[PROBLEM STATEMENT]: Begin at the line with "this 300×200 image." and output every line through the end of the records, exactly as given. Omit pictures.

[GIVEN RECORDS]:
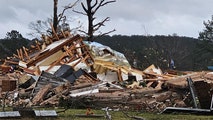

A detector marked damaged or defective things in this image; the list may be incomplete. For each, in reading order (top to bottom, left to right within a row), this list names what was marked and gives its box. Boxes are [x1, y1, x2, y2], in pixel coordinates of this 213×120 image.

splintered lumber [32, 83, 52, 105]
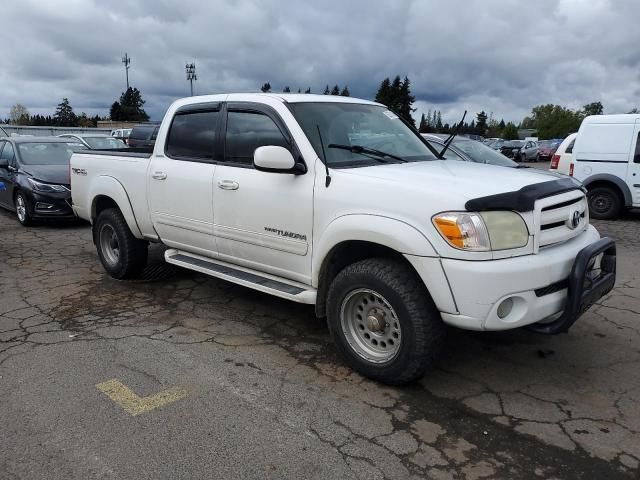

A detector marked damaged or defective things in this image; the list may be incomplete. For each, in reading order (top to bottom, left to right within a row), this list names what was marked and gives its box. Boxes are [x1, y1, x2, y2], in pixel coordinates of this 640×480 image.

cracked asphalt pavement [0, 207, 636, 480]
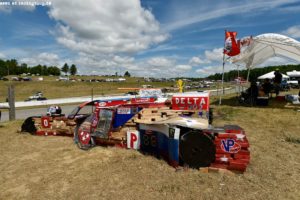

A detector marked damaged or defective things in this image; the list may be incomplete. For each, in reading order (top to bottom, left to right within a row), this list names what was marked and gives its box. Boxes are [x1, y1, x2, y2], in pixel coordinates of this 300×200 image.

damaged race car [21, 93, 251, 173]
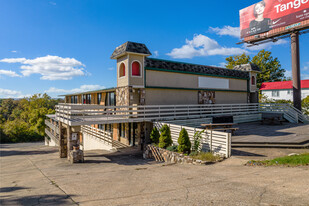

[RESULT OF THE TASK]:
A detector marked damaged or defective things in this image; the list may be incomplete. For each, in reading order (top to bottom, left to right within a row), this list names what was marked and gives its box. Boxes are [x1, y1, x2, y2], in pixel coordinates of this 300×200 image.

damaged race car [21, 93, 251, 173]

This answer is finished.